Texto del Evangelio (Jn 11,45-56): En
aquel tiempo, muchos de los judíos que habían venido a casa de María, viendo lo
que había hecho, creyeron en Él. Pero algunos de ellos fueron donde los
fariseos y les contaron lo que había hecho Jesús. Entonces los sumos sacerdotes
y los fariseos convocaron consejo y decían: «¿Qué hacemos? Porque este hombre
realiza muchas señales. Si le dejamos que siga así, todos creerán en Él y
vendrán los romanos y destruirán nuestro Lugar Santo y nuestra nación». Pero
uno de ellos, Caifás, que era el Sumo Sacerdote de aquel año, les dijo:
«Vosotros no sabéis nada, ni caéis en la cuenta que os conviene que muera uno
solo por el pueblo y no perezca toda la nación». Esto no lo dijo por su propia
cuenta, sino que, como era Sumo Sacerdote aquel año, profetizó que Jesús iba a
morir por la nación —y no sólo por la nación, sino también para reunir en uno a
los hijos de Dios que estaban dispersos—. Desde este día, decidieron darle
muerte.
Por
eso Jesús no andaba ya en público entre los judíos, sino que se retiró de allí
a la región cercana al desierto, a una ciudad llamada Efraim, y allí residía
con sus discípulos. Estaba cerca la Pascua de los judíos, y muchos del país
habían subido a Jerusalén, antes de la Pascua para purificarse. Buscaban a
Jesús y se decían unos a otros estando en el Templo: «¿Qué os parece? ¿Que no
vendrá a la fiesta?». Los sumos sacerdotes y los fariseos habían dado órdenes
de que, si alguno sabía dónde estaba, lo notificara para detenerle.
«Jesús
iba a morir por la nación, y no sólo por la nación,
sino también para reunir en
uno a los hijos de Dios que estaban dispersos»

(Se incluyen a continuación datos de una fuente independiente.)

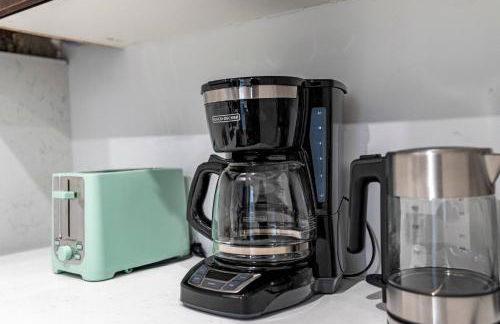 Walk to Everything in Old City- ADA compliant unit - Foto 21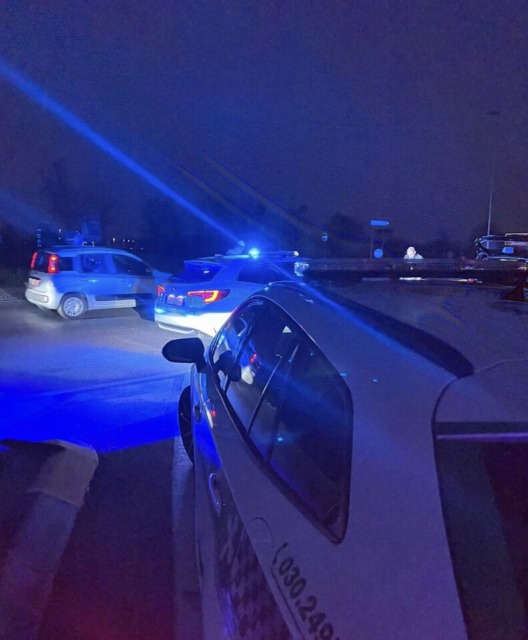 Droga e coltelli a serramanico: scoperti tre soggetti a Rezzato, scatta la denuncia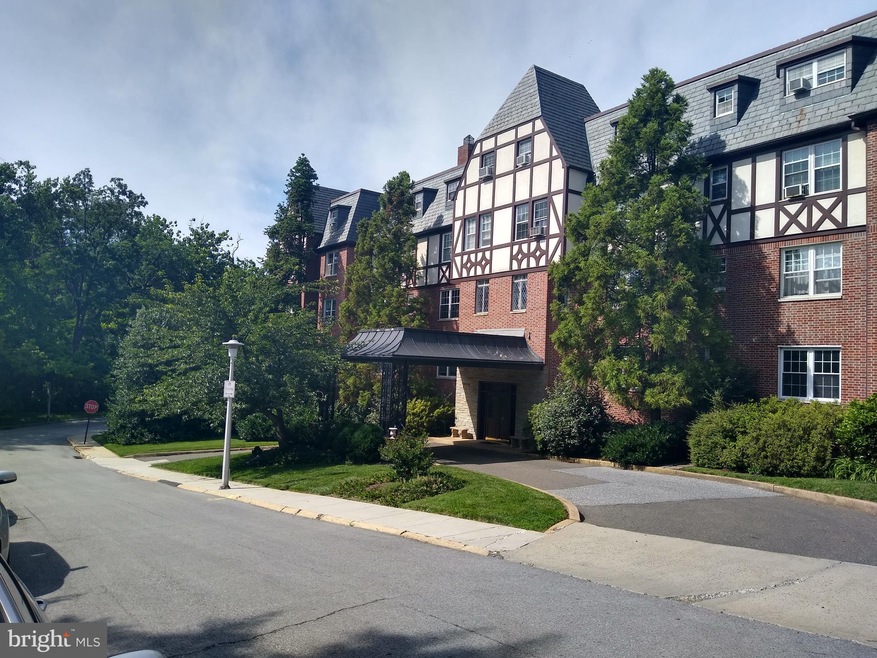 310 Ridgemede Rd unit 405, Baltimore, MD 21210 - photo 1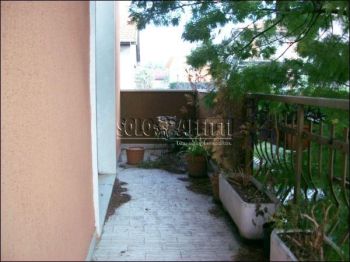 Appartamento arredato con balcone Cappelle Sul Tavo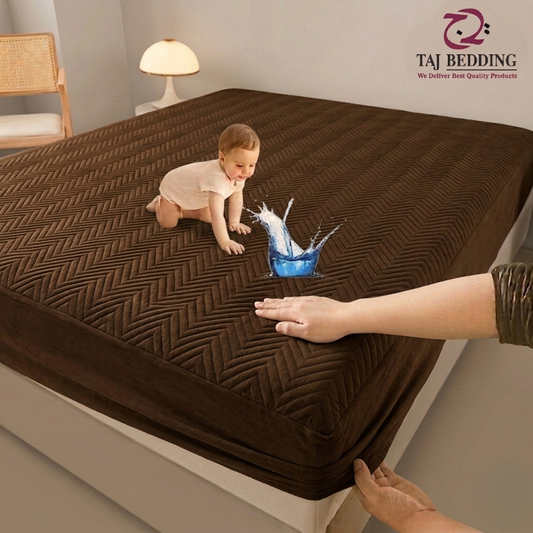 King Ultrasonic Zigzag Microfiber Waterproof Mattress Protector Brown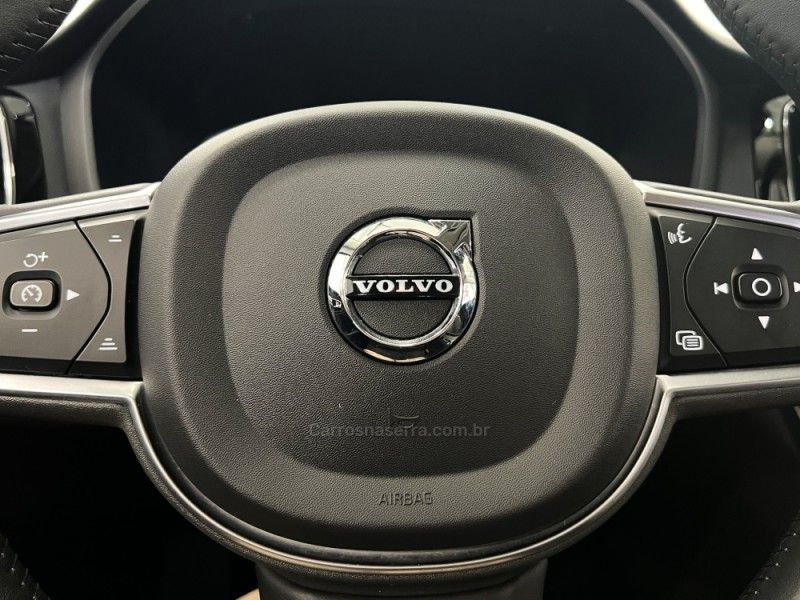 VOLVO S60 2.0 T4 MOMENTUM 2019/2020 ÓTIMA CAR FLORES DA CUNHA / Carros no Vale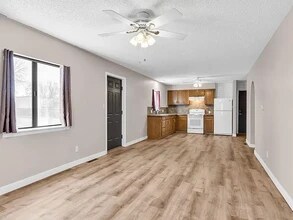 610 N Orchard Ave, Unit B in Canon City, CO - Foto de edificio - Building Photo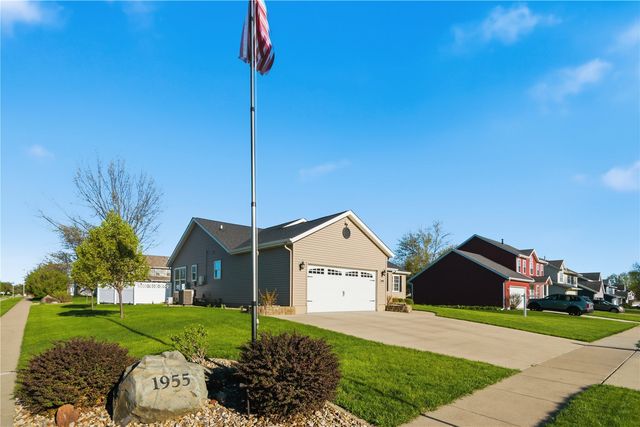 1955 Charleston Drive, Marion, IA 52302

Comentario: Rev. D. Xavier
ROMERO i Galdeano (Cervera, Lleida, España)
Hoy, de camino hacia
Jerusalén, Jesús se sabe perseguido, vigilado, sentenciado, porque cuanto más
grande y novedosa ha sido su revelación —el anuncio del Reino— más amplia y más
clara ha sido la división y la oposición que ha encontrado en los oyentes (cf. Jn 11,45-46).
Las palabras
negativas de Caifás, «os conviene que muera uno solo por el pueblo y no perezca
toda la nación» (Jn 11,50), Jesús las
asumirá positivamente en la redención obrada por nosotros. Jesús, el Hijo
Unigénito de Dios, ¡en la Cruz muere por amor a todos! Muere para hacer
realidad el plan del Padre, es decir, «reunir en uno a los hijos de Dios que
estaban dispersos» (Jn 11,52).
¡Y ésta es la
maravilla y la creatividad de nuestro Dios! Caifás, con su sentencia («Os
conviene que muera uno solo...») no hace más que, por odio, eliminar a un
idealista; en cambio, Dios Padre, enviando a su Hijo por amor hacia nosotros,
hace algo maravilloso: convertir aquella sentencia malévola en una obra de amor
redentora, porque para Dios Padre, ¡cada hombre vale toda la sangre derramada
por Jesucristo!
De aquí a una semana
cantaremos —en solemne vigilia— el Pregón pascual. A través de esta maravillosa
oración, la Iglesia hace alabanza del pecado original. Y no lo hace porque
desconozca su gravedad, sino porque Dios —en su bondad infinita— ha obrado
proezas como respuesta al pecado del hombre. Es decir, ante el ‘disgusto
original’, Él ha respondido con la Encarnación, con la inmolación personal y
con la institución de la Eucaristía. Por esto, la liturgia cantará el próximo
sábado: «¡Qué asombroso beneficio de tu amor por nosotros! ¡Qué incomparable
ternura y caridad! ¡Oh feliz culpa que mereció tal Redentor!».
Ojalá que nuestras
sentencias, palabras y acciones no sean impedimentos para la evangelización, ya
que de Cristo recibimos el encargo, también nosotros, de reunir los hijos de
Dios dispersos: «Id y enseñad a toda la gente» (Mt 28,19).